A Possible Hadronic Origin of TeV Photon Emission from SNR G106.3+2.7

TL;DR

This paper models particle acceleration in SNR G106.3+2.7 using nonlinear diffusive shock acceleration, explaining multi-band photon emissions from electrons and protons, and supports a hadronic origin for TeV gamma rays.

Contribution

It introduces a detailed NLDSA model that accounts for particle acceleration and multi-region emission, explaining the hadronic origin of high-energy gamma rays in SNR G106.3+2.7.

Findings

Gamma-ray emission below 1 TeV is from inside the SNR via proton-proton interactions.

Gamma-ray emission above 1 TeV is from escaped protons interacting with molecular clouds.

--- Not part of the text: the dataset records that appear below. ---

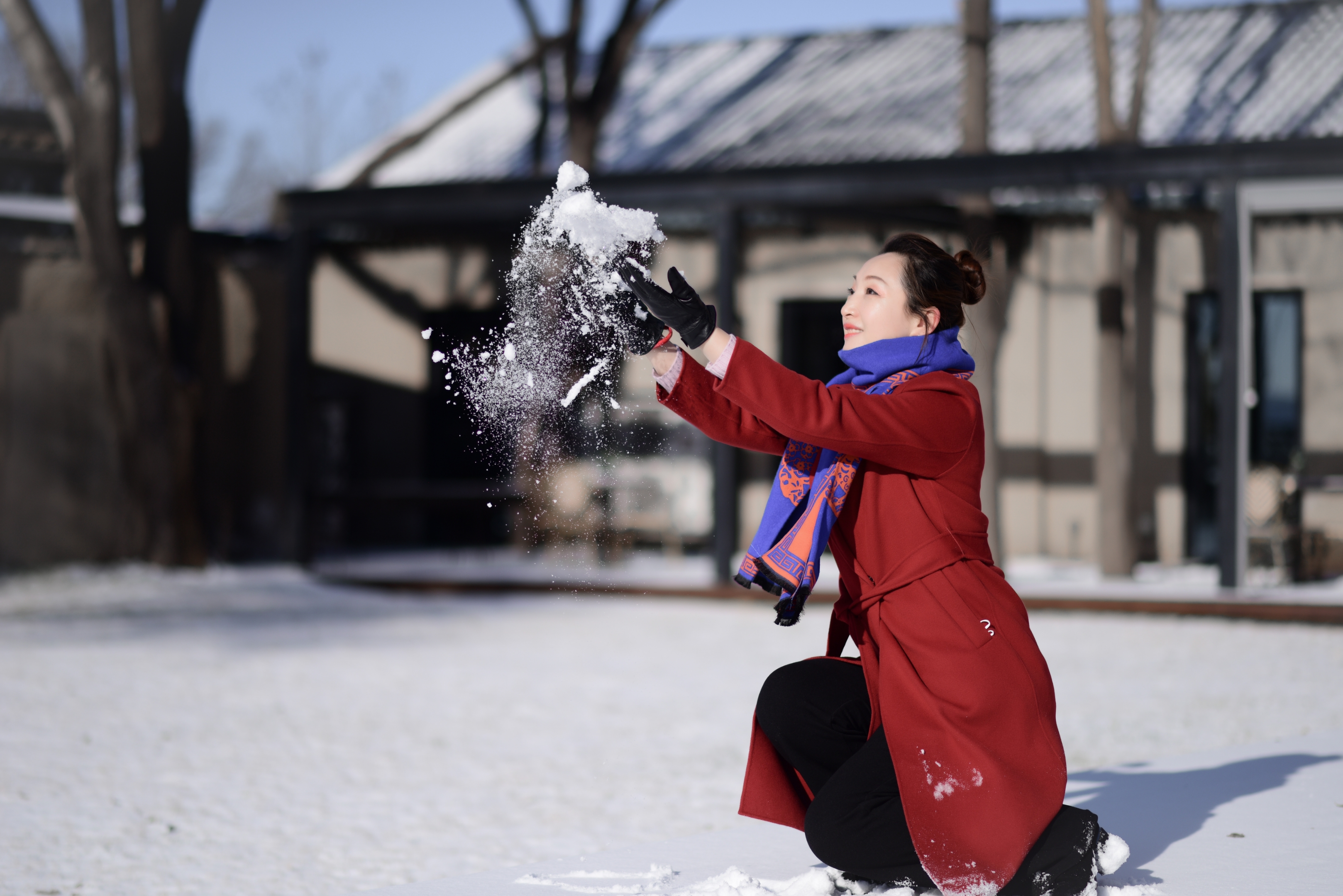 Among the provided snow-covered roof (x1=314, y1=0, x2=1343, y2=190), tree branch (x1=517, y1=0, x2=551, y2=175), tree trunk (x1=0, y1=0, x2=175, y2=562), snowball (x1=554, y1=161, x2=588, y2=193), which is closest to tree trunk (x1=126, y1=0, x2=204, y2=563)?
tree trunk (x1=0, y1=0, x2=175, y2=562)

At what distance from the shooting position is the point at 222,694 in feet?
23.6

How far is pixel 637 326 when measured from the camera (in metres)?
2.91

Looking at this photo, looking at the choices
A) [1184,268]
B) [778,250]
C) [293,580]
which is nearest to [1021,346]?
[1184,268]

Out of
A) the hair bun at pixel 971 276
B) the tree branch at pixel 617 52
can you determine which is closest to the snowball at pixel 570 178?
the hair bun at pixel 971 276

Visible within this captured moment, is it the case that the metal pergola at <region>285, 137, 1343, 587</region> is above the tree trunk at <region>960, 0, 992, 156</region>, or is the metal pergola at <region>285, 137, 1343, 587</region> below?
below

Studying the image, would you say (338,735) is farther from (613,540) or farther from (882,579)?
(613,540)

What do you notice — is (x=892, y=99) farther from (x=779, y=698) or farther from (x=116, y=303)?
(x=779, y=698)

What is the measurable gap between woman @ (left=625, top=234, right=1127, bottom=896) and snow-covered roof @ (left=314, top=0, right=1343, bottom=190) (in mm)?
8254

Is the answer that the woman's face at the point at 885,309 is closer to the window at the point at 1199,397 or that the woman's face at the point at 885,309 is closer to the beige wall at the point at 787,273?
the window at the point at 1199,397

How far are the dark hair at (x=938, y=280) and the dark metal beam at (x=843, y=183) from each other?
24.4 feet

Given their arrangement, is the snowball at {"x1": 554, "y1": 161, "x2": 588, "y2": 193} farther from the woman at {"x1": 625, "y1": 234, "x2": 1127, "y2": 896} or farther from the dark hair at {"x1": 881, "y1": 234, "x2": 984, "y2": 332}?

The model successfully reproduces observed multi-band emissions.

Abstract

In our model, the acceleration and propagation of particles from the Bohm-like diffusion region inside the SNR to the Galactic diffusion region outside the SNR are described through nonlinear diffusive shock acceleration (NLDSA). The main content of our NLDSA model is to solve the hydrodynamic equations numerically for gas density, gas velocity, gas pressure as well as the equation for the quasi-isotropic particle momentum distribution. The consequent multi-band non-thermal emission is from two different regions, namely the acceleration region and the escaping region. Our model is capable of explaining the multi-band photon emission via the dominant synchrotron radiation of the electrons accelerated inside the SNR; and the photons with energy of $\gtrsim$ GeV are naturally produced by the protons inside and outside the SNR. Moreover, the photons in the energy range of $\sim 1 - \sim 100$ TeV are due to the interaction of escaped protons with dense molecular clouds. For the photons with energy of $E_\gamma \gtrsim $ 1 GeV from SNR G106.3+2.7, our results here favor a hadronic origin, where the photons in the energy range of $\sim 1$ GeV to $\sim 1$ TeV are produced inside the SNR through proton-proton interaction, while the photons with $E_\gamma \gtrsim 1$ TeV originate from the interaction of escaped protons with a dense molecular cloud.